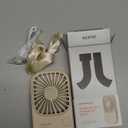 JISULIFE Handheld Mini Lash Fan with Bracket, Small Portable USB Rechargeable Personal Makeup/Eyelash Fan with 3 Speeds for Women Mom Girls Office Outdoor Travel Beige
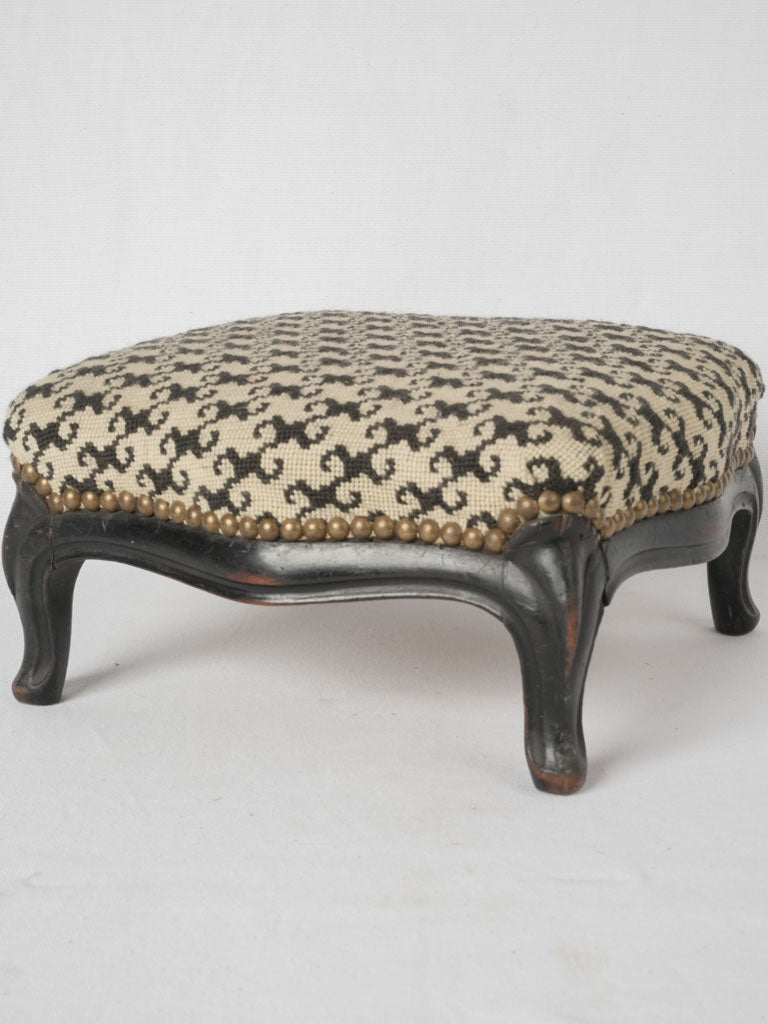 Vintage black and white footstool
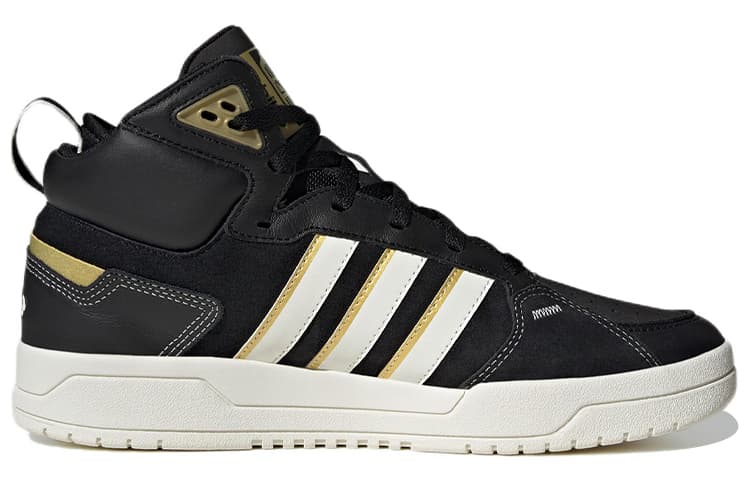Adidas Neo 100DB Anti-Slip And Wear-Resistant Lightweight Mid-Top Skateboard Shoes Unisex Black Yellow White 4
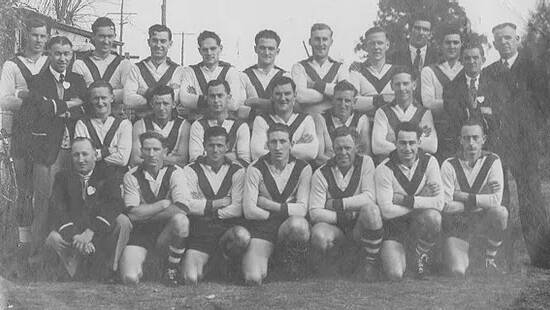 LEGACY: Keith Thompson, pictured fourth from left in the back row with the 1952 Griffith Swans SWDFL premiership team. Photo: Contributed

**HOW TO COMPLETE THIS TASK**
Lines before the one containing "Vintage black and white footstool" are not wanted; repeat that line and the rest of the listing exactly, leaving out pictures.

**RESULT**
 Vintage black and white footstool
Adidas Neo 100DB Anti-Slip And Wear-Resistant Lightweight Mid-Top Skateboard Shoes Unisex Black Yellow White 4
 LEGACY: Keith Thompson, pictured fourth from left in the back row with the 1952 Griffith Swans SWDFL premiership team. Photo: Contributed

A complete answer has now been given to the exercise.